We can't evaluate the impact of the quantization on the inference time as a bug is still causing problem on the `transformer` library (see PR [here](https://github.com/huggingface/transformers/pull/21843), apparently not integrated in last version 4.44.2 used here...).

This quantized model won't be evaluated because of this bug and the lack of GPU resource. Yet, [here](https://huggingface.co/Intel/t5-small-xsum-int8-dynamic-inc) is what we can expect from such a quantization.

### Evaluation

**This part can be run INDEPENDENTLY from the *LoRA fine-tuning* and the *Quantization* parts**

Let's reload the base model and the fine-tuned model to compare them.

In [None]:
base_ckpt = "t5-small"
finetuned_ckpt = "/content/drive/MyDrive/CDI/UseCaseLLM_Valeo/training/outputs/lora-xsum-t5-small"

base_t5 = T5ForConditionalGeneration.from_pretrained(model_checkpoint).to('cuda:0')
finetuned_t5 = T5ForConditionalGeneration.from_pretrained(finetuned_ckpt).to('cuda:0')

evaluator = SummarizationEvaluator()

Now, we use the test split to compare the fine-tuned model with the base one. We start to evaluate the base T5-small model, downloaded from HuggingFace.

In [None]:
evaluator.compute(
    model_or_pipeline=base_t5,
    tokenizer=tokenizer,
    data=tokenized_dataset['test'],
    metric=metric,
    input_column='document',
    label_column='summary')



{'rouge1': 0.19024007944134058,
 'rouge2': 0.02759556554189877,
 'rougeL': 0.12973109642401592,
 'rougeLsum': 0.12973427387429495,
 'total_time_in_seconds': 8122.8225630328525,
 'samples_per_second': 1.3953277831749382,
 'latency_in_seconds': 0.7166774804158155}

Then, we evaluate the fine-tuned T5-small model.

In [None]:
evaluator.compute(
    finetuned_t5,
    tokenizer=tokenizer,
    data=tokenized_dataset['test'],
    metric=metric,
    input_column='document',
    label_column='summary')



{'rouge1': 0.24084408398175577,
 'rouge2': 0.051862710863645536,
 'rougeL': 0.17612313934129226,
 'rougeLsum': 0.17612388769238957,
 'total_time_in_seconds': 8200.11055256,
 'samples_per_second': 1.3821764874208469,
 'latency_in_seconds': 0.723496607778366}

We observe a slight improvement in the scores of the fine-tuned model compared with the one of the base T5-small model. This is disapointing but predictible as we only fine-tuned the model with 1 epoch.

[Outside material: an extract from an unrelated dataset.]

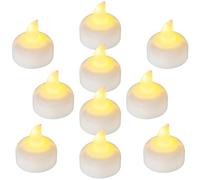 Yakpo Lot de 36 Bougies Chauffe-Plat LED Flottantes Étanches, Fonctionnant sur Piles, Blanc Chaud à Effet Vacillant, en Gros pour Décorations de Mariage, Centres de Table, Vases, Baignoires et Spa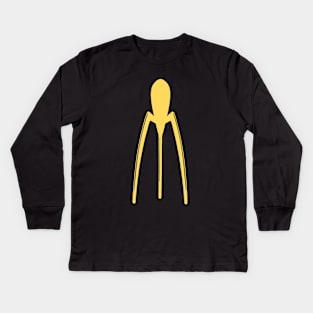 Philippe Starck Juicy Salif in Yellow Silhouette - Product Design Kids Long Sleeve T-Shirt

Let's visualize the predictions of both model on a specific example.

In [None]:
data = raw_dataset['test'][1]
doc = data["document"]
summary = data["summary"]
input_ids = tokenizer(prefix + doc, return_tensors="pt").input_ids.to("cuda:0")

base_output = base_t5.generate(input_ids)
finetuned_output = finetuned_t5.generate(input_ids)

print(f"Original summary:\n{summary}\n")
print(f"Prediction from base T5-small model:\n{tokenizer.decode(base_output[0], skip_special_tokens=True)}\n")
print(f"Prediction from the fine-tuned T5-small model:\n{tokenizer.decode(finetuned_output[0], skip_special_tokens=True)}")

Original summary:
A man has appeared in court after firearms, ammunition and cash were seized by police in Edinburgh.

Prediction from base T5-small model:
police say three firearms, ammunition and a five-figure sum of money were recovered

Prediction from the fine-tuned T5-small model:
Police have recovered three firearms, ammunition and a five-figure sum of money from a man who was arrested and charged with aggravated burglary.